77% of Buzzer's clues have single word answers. Of the 23% multi-word answers, the longest is a 8-word/30-character solution spread across two 15-letter grid slots. [Given a length of (4,2,3,6,3,6,2,4), guess the answer without the clue :-)]

Here's what Buzzer's split of solution by number of words looks like, in the context of similar data of other setters.

Buzzer-SolutionWordSplit

The percentage of solutions with over two words is higher for Buzzer than the other three setters.

It's still early days to measure Buzzer's solution word repetitions, but if we extrapolate slightly to 1963 clues (the base taken in the analysis for Sankalak's vocabulary freshness), we can benchmark the word repetition counts against other setters.

THCSetters-WordRepetition

Buzzer has been giving us new words to solve over 96% of the time, just short of Sankalak's 97%. The only word he might want to put a cap on is AJAR!

Clue Type Insights

Buzzer has tracked the wordplay used each clue, which gives us valuable information into his style. 72% of his clues are based on a single clue type (e.g. anagram only), the remaining 28% use a combination of more than one clue type (e.g. anagram + container).

Buzzer's overall clue type distribution is below - the dark bar shows the percentage of usage in clues based on a single clue type, the light bar shows the percentage of usage in clues based on a combination of clue types:

Buzzer-ClueTypeDistribution

Buzzer's clue type distribution is as one would expect in a typical cryptic crossword: charades, anagrams and containment the most used, in that order, together accounting for over 60% of wordplay.
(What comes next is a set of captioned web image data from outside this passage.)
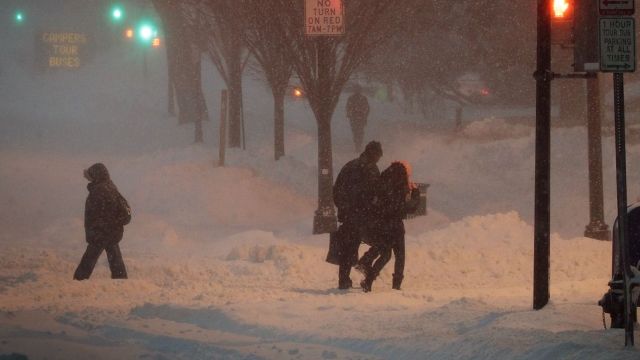 Washington, DC walk through the snow from Winter Storm Jonas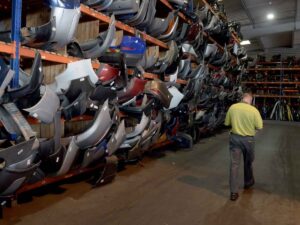 Una fabbrica di pezzi di automobili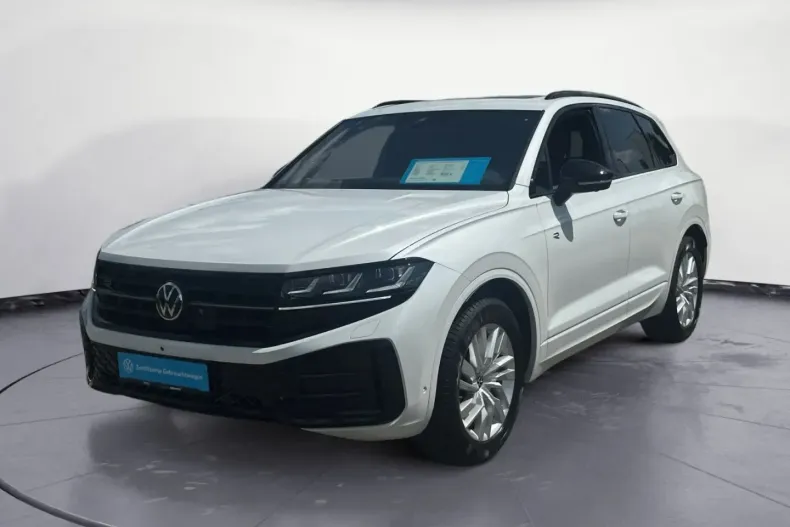 Volkswagen Touareg din 2024 cu 32.173 km - oferta VOL141979 - foto 1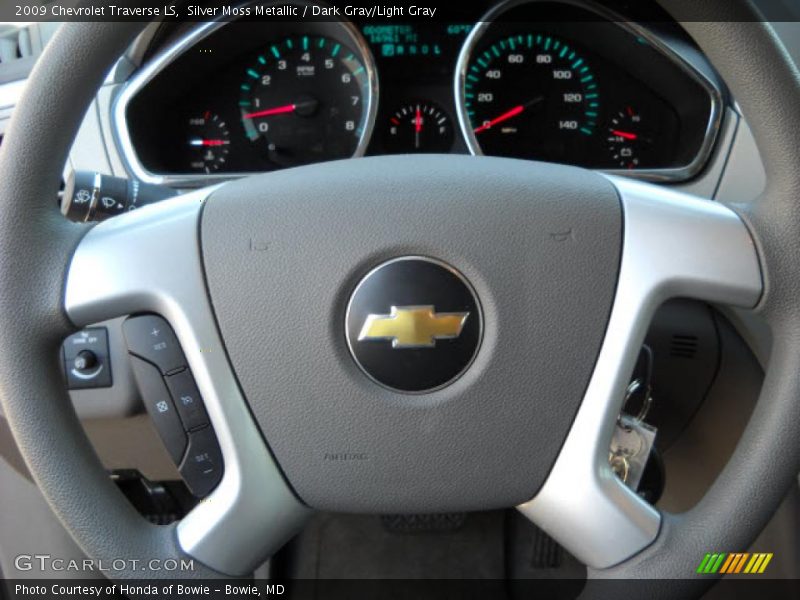 Silver Moss Metallic / Dark Gray/Light Gray 2009 Chevrolet Traverse LS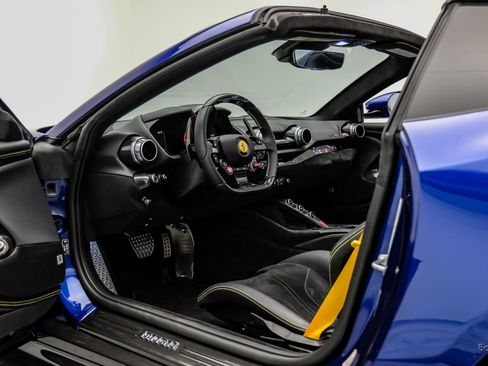 Used 2023 Ferrari 812 GTS RWD image 45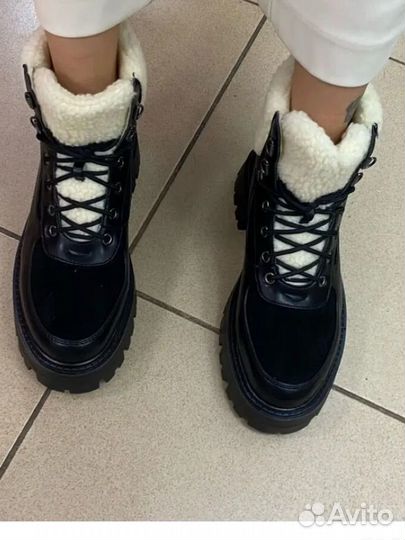 Ботинки женские новые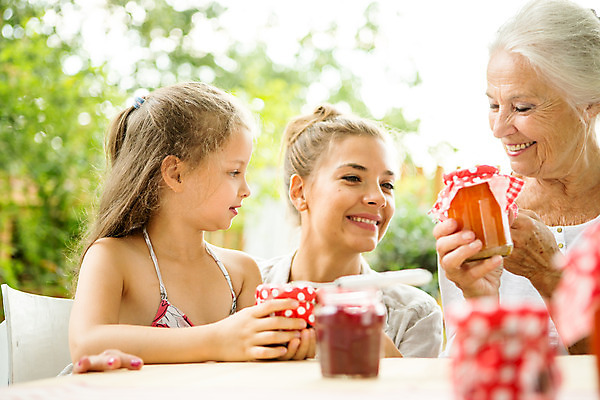 포토 JPG 주간 서양인 여자 노년 딸 행복 할머니 어린이 가족 모녀 엄마 손녀 대가족 대화 미소 들기 사람 앉기 소녀 상반신 20대 성인 야외 앞모습 아웃포커스 캐주얼 세명 여름 컬러풀 금발 화목 백발 가족라이프 60대 잼 삼대 즐거움 체코 여자만 국내포토 자연요소 외국인 라이프스타일 헤어스타일 옷 계절 감정 유럽 뷰포인트 컬러 컨셉 관계 모션 촬영기법 표정 말하기 청년 소스_음식 손주 파일형식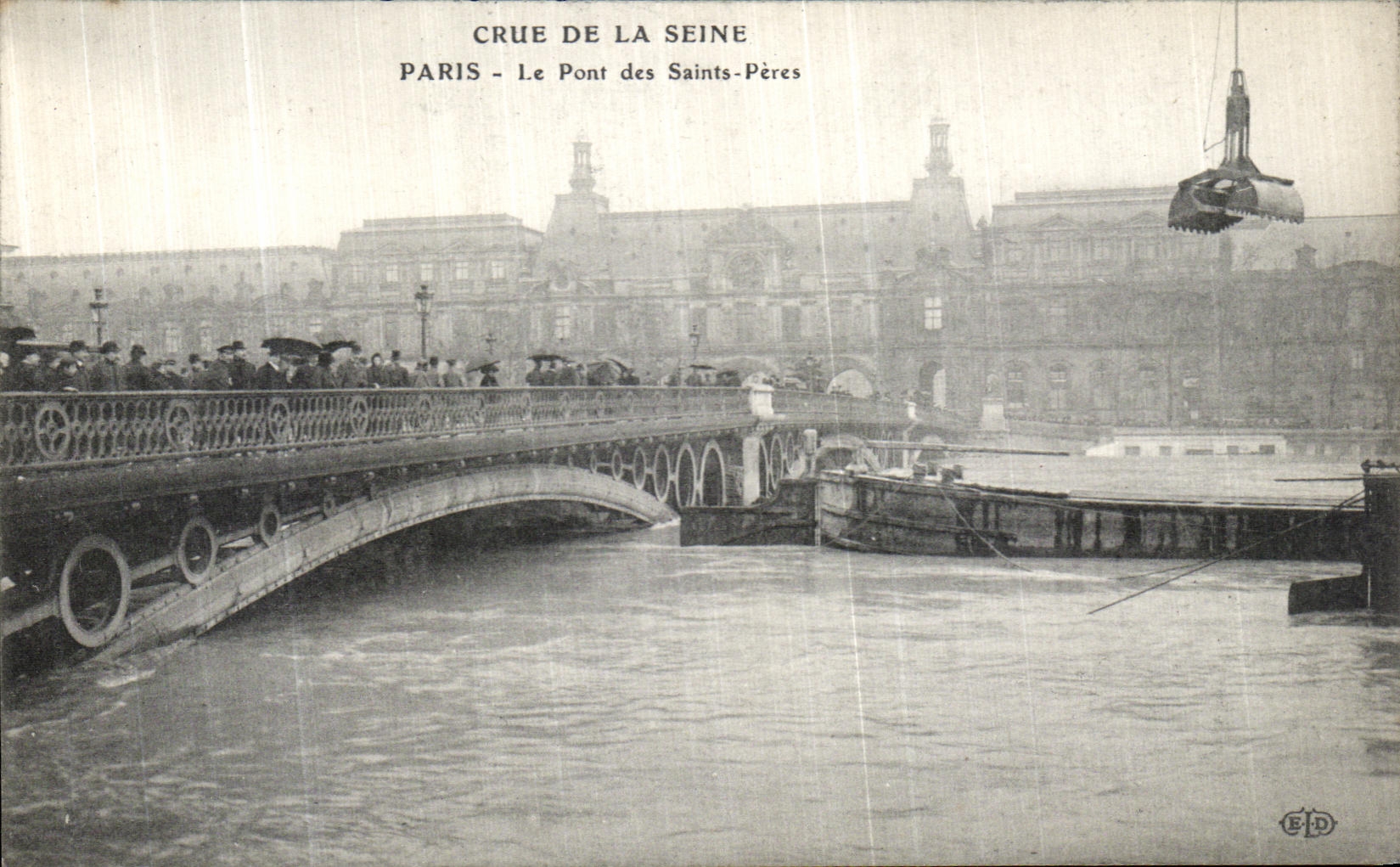 CPA Paris Crue De la Seine Le Pont des Saints Peres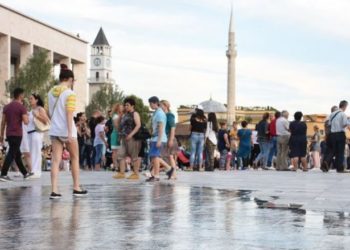 Vala e katërt e pandemisë/ Qytetet që priten turista rezultojnë më të prekurit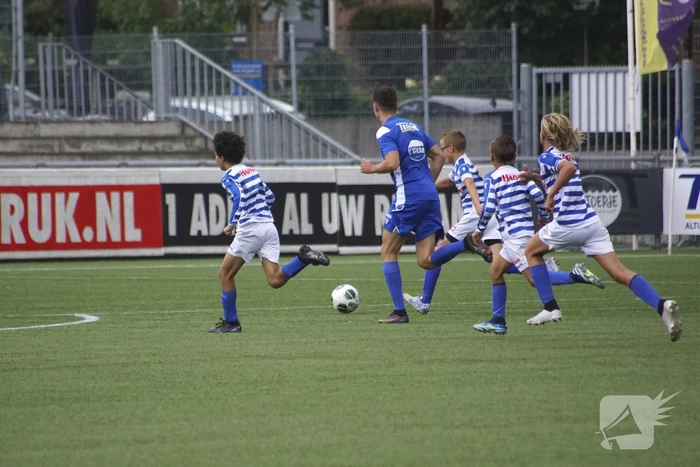 1e van SV Spakenburg wordt ingemaakt door jeugd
One striking feature is the relatively high use of partial homophones – close to a third of Buzzer's homophones appear in combination clue types, such as:

[Charade + Homophone] A number reportedly eat a painkiller (7) ANODYNE
A NO (number) DYNE (~dine; eat)

There's a generous helping of definitions by example (DBE): 13 clues in 69 puzzles are "pure" DBE cryptic definitions or reverse wordplay clues. Many others have the normal wordplay + definition structure, in which the definition segment is by example.

[CD type] Señor's accent (5) TILDE
[Reverse wordplay type] Ordinary tree as seen in street? (6-2-3-4) MIDDLE-OF-THE-ROAD; s[TREE]t
[Normal wordplay + DBE] Quiet function held inside the Louvre perhaps (6) M(USE)UM

In case you've wondered whether there is any correlation between the length of the answer and the number of words per clue, Buzzer's data says no. When the number of letters in the solution, arranged from smallest to largest, is plotted against the clue length, the line for clue length does not ascend.

Check out the solution length (letters) vs clue length (words) graphs for Buzzer's clues based on a single clue type: Acrostics (21 clues), Anagrams (290 clues), Charades (303 clues), Cryptic Definitions (87 clues).

Buzzer-ClueLengthSolutionLength

If anything, there's a dip in clue length with an increase in charade solution length – that's because these clues have used bigger charade segments, as in:
Excellent landlord I say (7,6) CAPITAL LETTER

Another (rather expected) observation is the longer clue lengths for acrostics.

Clue Text Wordle

The clue text wordle is turning out to be a tool to showcase words that are the cornerstone of cryptic clue writing: "one", "around", "time" and "old", in particular, since they have appeared among the most-used words in every setter's clue database tested.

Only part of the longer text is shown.